With respect to groups that these women are a part of, they described younger members of the group helping older members as they age, so that they remain able to participate in or contribute to the group.

Participants also discussed barriers to accessibility and affordability related to travel and transportation. For example, the cost of parking, the distance to services and amenities, inadequate snow removal, and over-booked accessible public transportation services were all mentioned as barriers that can make it difficult for older people to move around the city. Participants stated that older people do not always have or are able to afford a car, or may not feel comfortable driving at night, therefore relying on other people for rides. On a positive note, participants described ride sharing with one another, and mentioned that many organizations in town will help with arranging transportation for older people (for example to special events). In one exchange, the women said:

First woman: I do a lot of beading, crocheting, and knitting, and stuff like that.

Researcher: Yeah.

First woman: I do all that stuff, so.

Researcher: Nice.

First woman: I do my own hair yet, so, I can still do that. (laughter) But it’s going to be changed, it’s not going to be this red, it’s going to go darker (laughter).

Second woman: I thought you were a (inaudible) when I came in the door (general laughter).

First woman: It’s like Pippi Red—stockings, or whatever (general laughter). Yeah, but no, that’s about it. And then like, sometimes if the Elders need a ride, like [name of another participant], if she needs a ride she lets me know, [a third participant] lets me know.

Participants gave examples of how their own mobility is becoming limited as a result of health problems, but also gave several examples of their ongoing independence, such as doing their own hair, shoveling their own driveway, or driving their own car.

Special Roles and Responsibilities of Indigenous Elders

A third important theme that participants spoke about was related to the special roles and responsibilities held by Indigenous Elders in their communities. This was a theme that was not specifically addressed as a category in either of the action plans, but was a prominent part of the women’s group discussion. Participants described what makes a person an Elder in an Indigenous context, pointing out that it is based on more than a person’s age. In the words of one participant, “the Aboriginal Elder is far different than the senior.” This woman further explained:

I have a hard time calling myself an Elder, because these ladies here are my friends, and they are, to me, my Elders. So, how could I be an Elder to them? And then, one Elder answered it for me. She said, ‘an Elder is not an old person. An Elder is an old person who shares her beliefs and her teachings.’ That’s what an Elder is.

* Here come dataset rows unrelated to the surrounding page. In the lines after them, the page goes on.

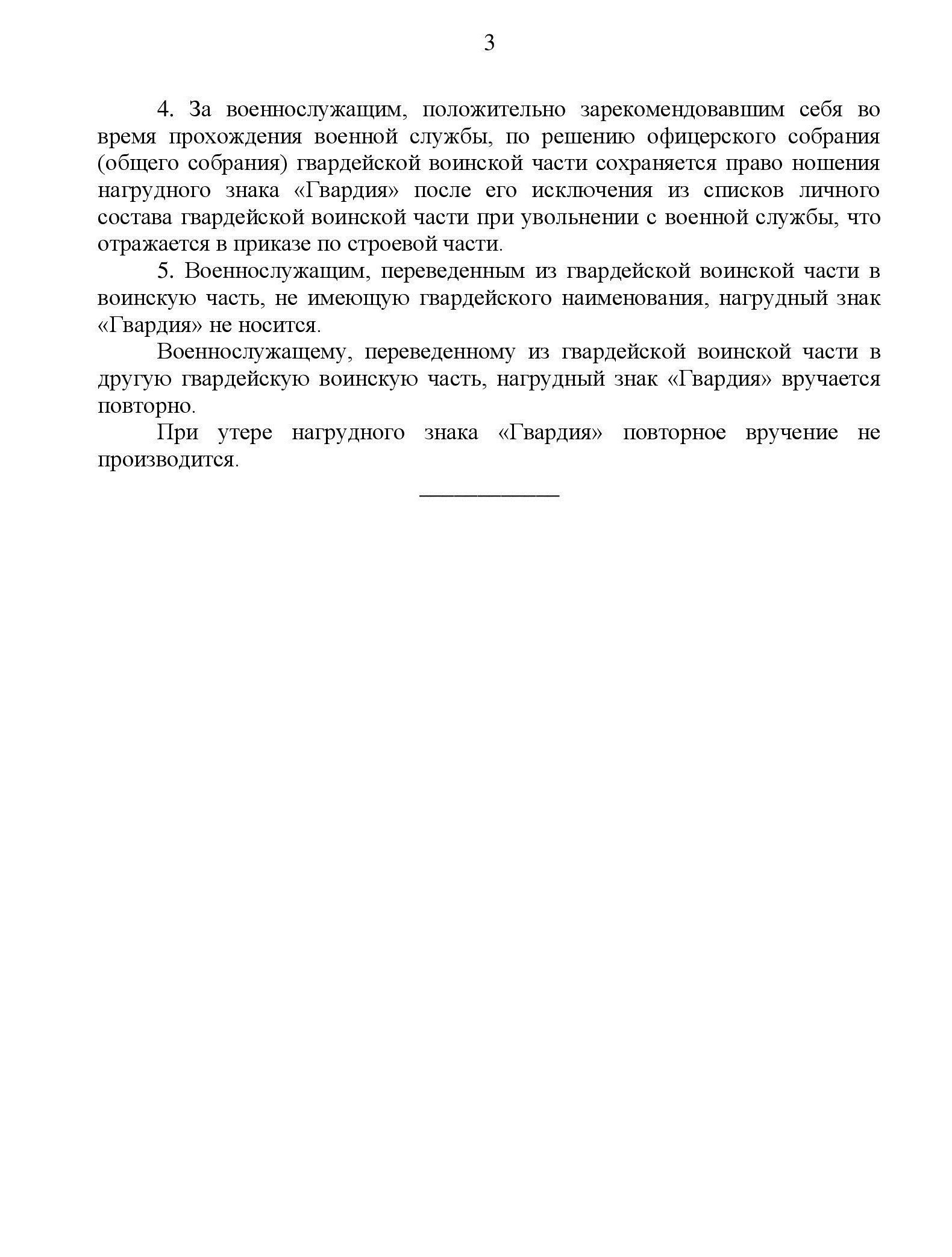 http://upforme.ru/uploads/000b/27/15/61/572717.jpg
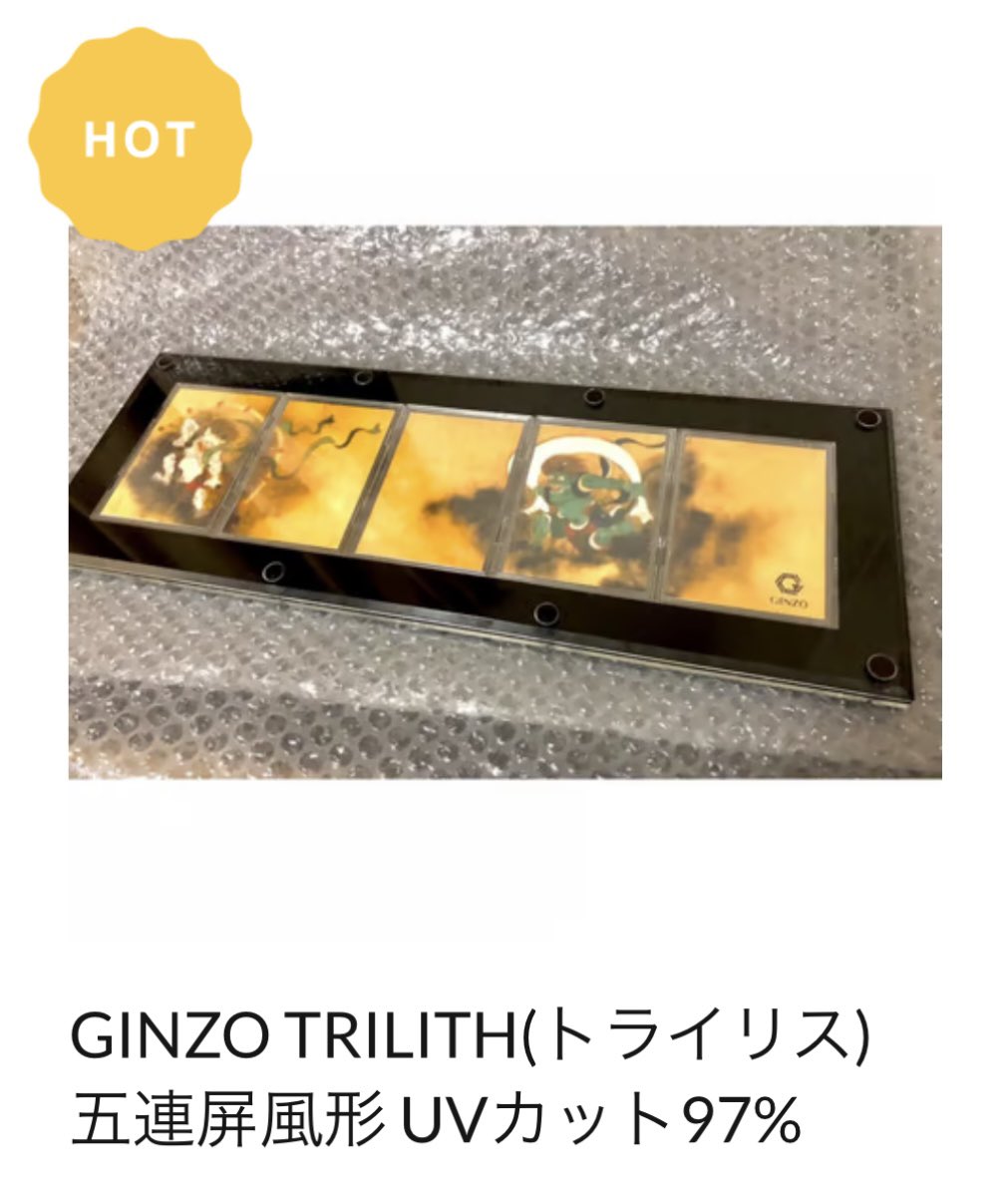 GINZOトライリス 五連屏風形 UVカット97% GINZO TRILITH(トライリス) 2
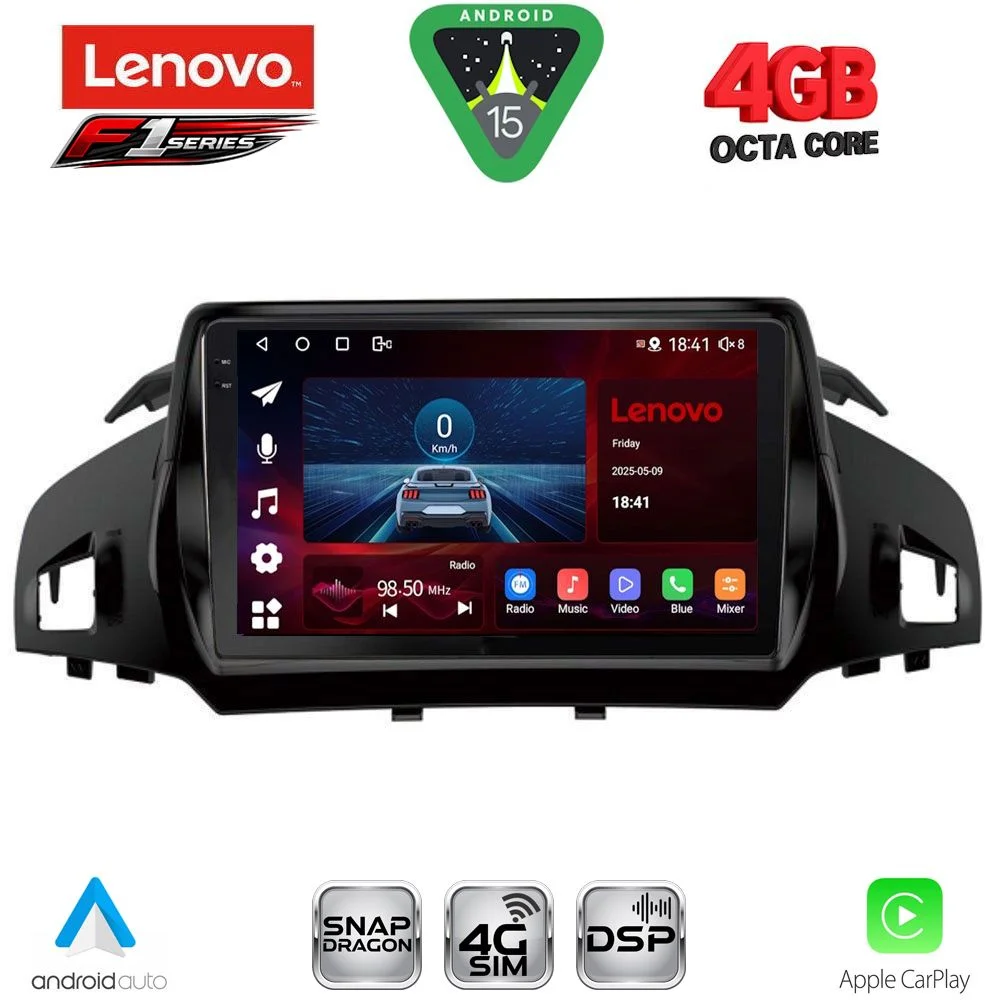 Φωτογραφία προϊόντος: LENOVO SSQ 9160_CPA (9inc) MULTIMEDIA TABLET for FORD KUGA mod. 2013-2019 – CMAX mod. 2011-2020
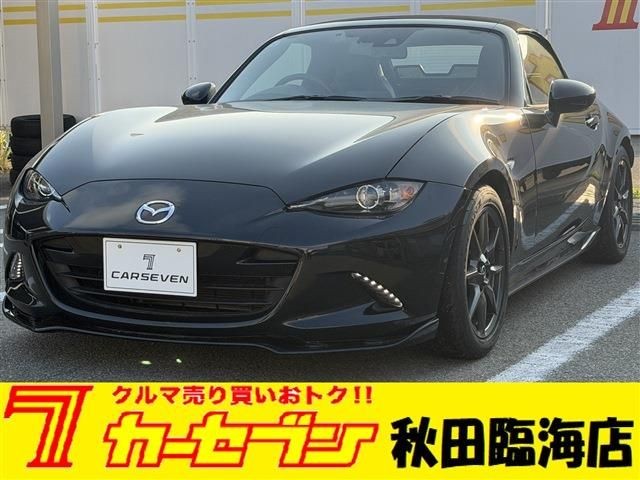 2020 Mazda Roadster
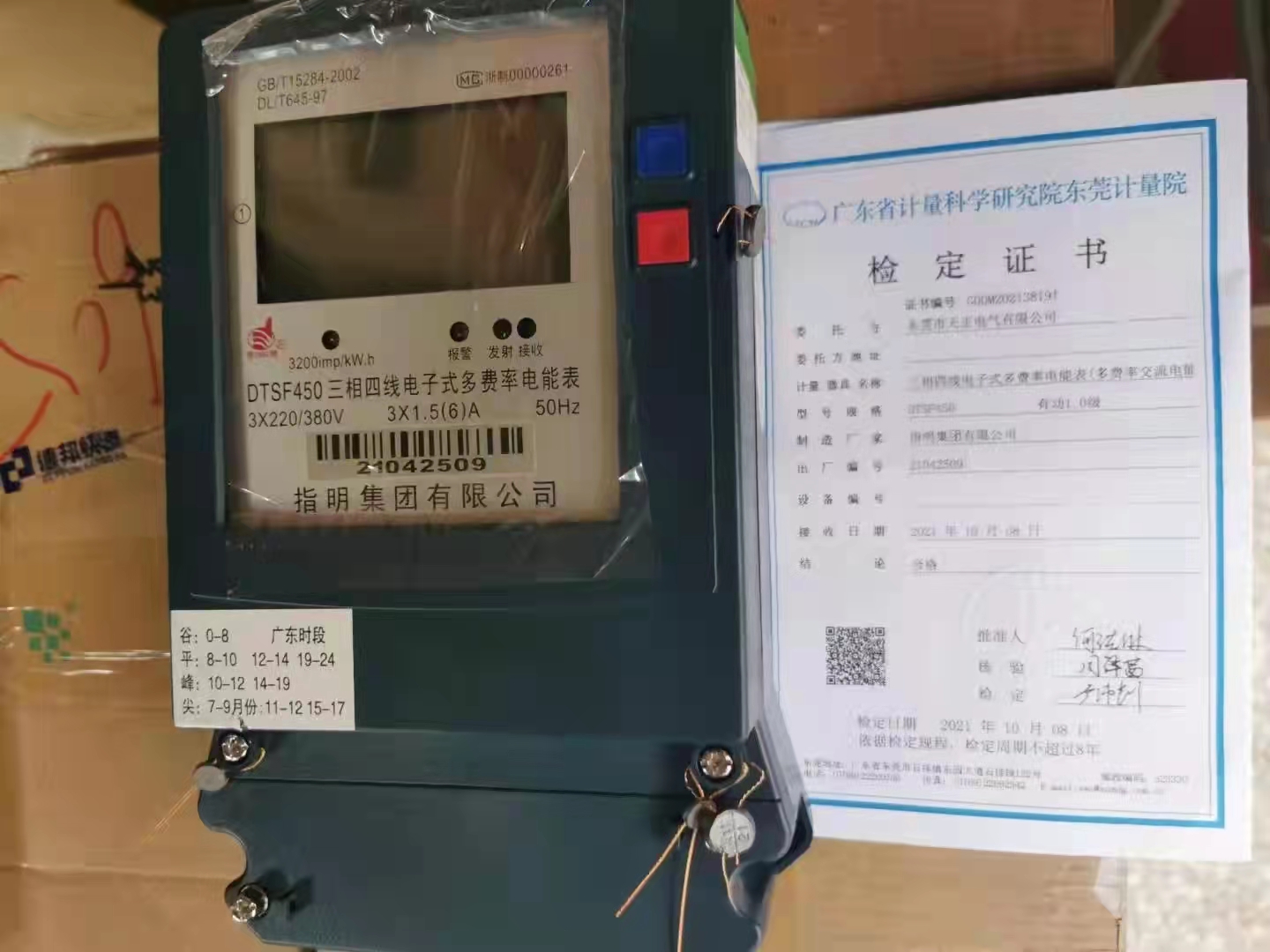 尖峰电能表 尖峰电能表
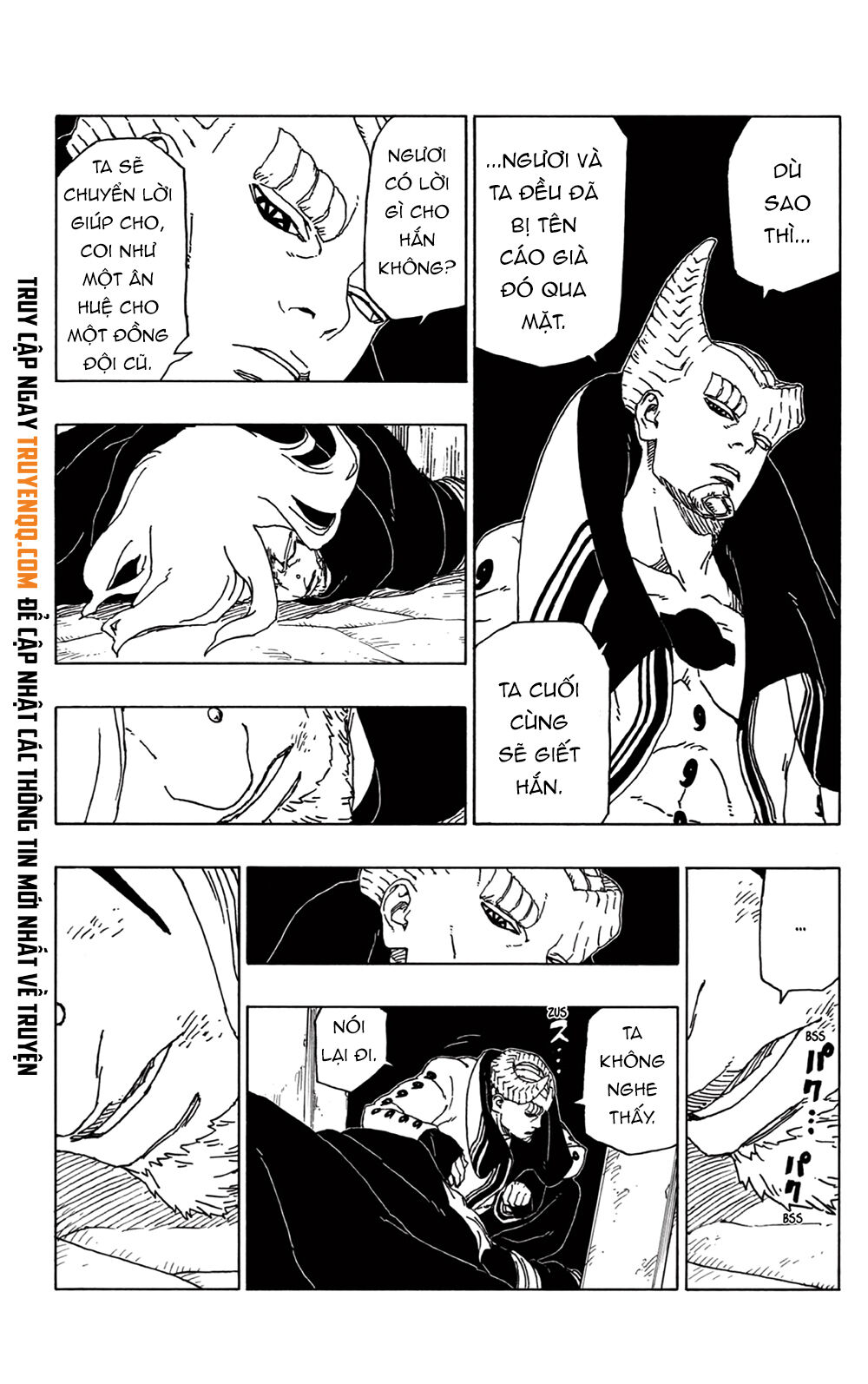 Uzumaki Boruto Chapter 48 - 34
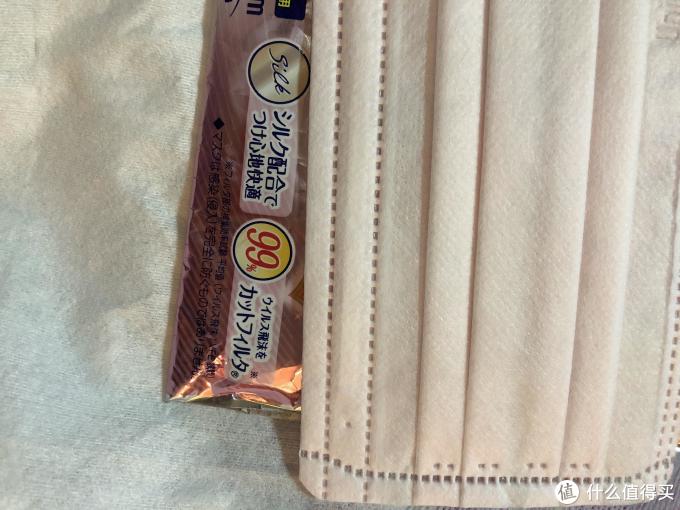 成本六毛，自制一次性过滤口罩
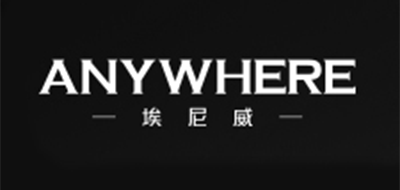 ANYWHEREHOMME品牌LOGO图片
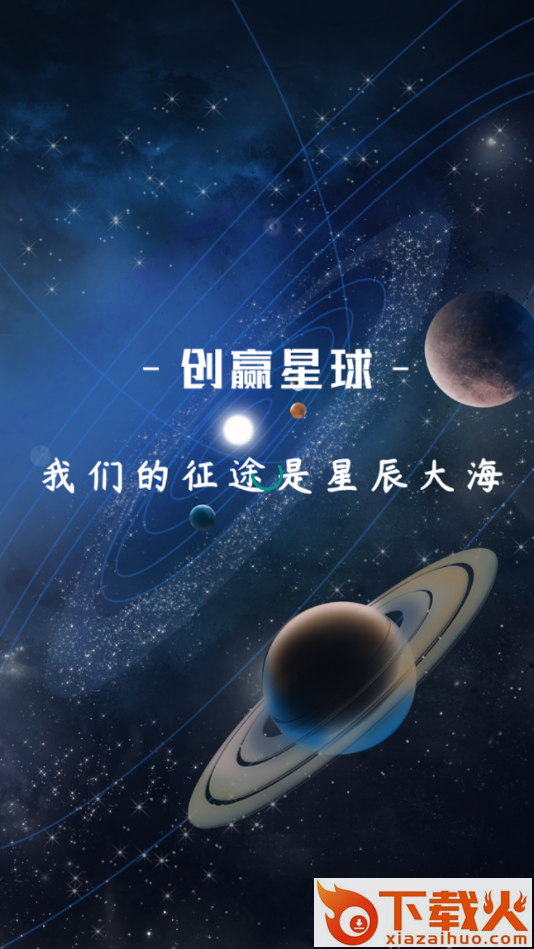 创赢星球app截图1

In accordance with this idea, many of the participants in this study were active in teaching Indigenous languages or land-based teachings to young people in schools, summer camps, and community settings. One woman in the group discussion described a teaching program for school children that takes place in a small town outside of Prince George, and invited the other women present to come along if they were interested, to share their teachings with the children. The same woman also described participating in Indigenous language education locally, in a discussion that also indicates how busy someone recognized in the community as an Elder can become:

First woman: We have a language thing that we go to at [a postsecondary institution]… at the end of the month… And it’s just a bunch of Elders that get together there, and they say how – they tell everybody how they might say ‘hello’ in their language.… and they learned, actually those kids did really good, so we taught them to say, ‘hello, how are you, my name is so and so,’ and then after a while, we got them to say who their parents were, and how to say it in our language and stuff like that. They actually did really good, so I imagine probably we’ll see a little bit more of that, so.

Researcher: That’s cool.

First woman: It’s interesting to sit there with all of the other Elders and listen to them, and—

Second woman: You also go to [another postsecondary institution] too.

First woman: Yeah, and there and [another postsecondary institution]—

Second woman: See, I know more about you than you do about you! (general laughter)

First woman: Just, I get called on. What’s today? Today I have to go over to our own – at the new building… because the Assembly of First Nations are having meetings here. This is their last day today, so. Went there for supper last night, I had a good supper there last night, so. So that was—that’s—

Second woman: We keep her as busy as we can. (general laughter)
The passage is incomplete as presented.